Я получил отдельный кабинет, причем мне были представлены для изучения все материалы о подготовке, возникновении и заключении союза с Австрией (Андраши). Я много бывал в доме князя и у графа Герберта. После того как я несколько освоился в Бисмарковском кругу, при мне стали более открыто говорить о г-не фон Гольштейне. О нем передавали, что он очень боязлив, хороший работник, безмерно тщеславен, чудак, который нигде не показывается и совершенно не вращается в обществе, недоверчивый, полный причуд, притом злопамятный – словом, опасен. Князь называл его «человеком с глазами гиены» и говорил, что мне бы следовало держаться вдали от него. Очевидно, уже тогда у Бисмарка назревало то резко-критическое отношение к Гольштейну, какое князь позднее проявлял по отношению к своему прежнему сотруднику.

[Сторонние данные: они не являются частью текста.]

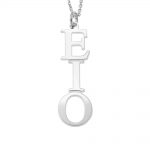 Vertical Initial Necklace 925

Граф Герберт, грубость которого по отношению к подчиненным бросалась мне в глаза, сурово подтягивал чиновников в министерстве иностранных дел. Когда граф звал их или отпускал, они так мчались, что, как тогда говорили в шутку, «полы сюртука развевались у них перпендикулярно телу».
Внешняя политика направлялась и диктовалась исключительно князем по соглашению с графом Гербертом, который передавал дальше приказания канцлера и переделывал их в инструкции.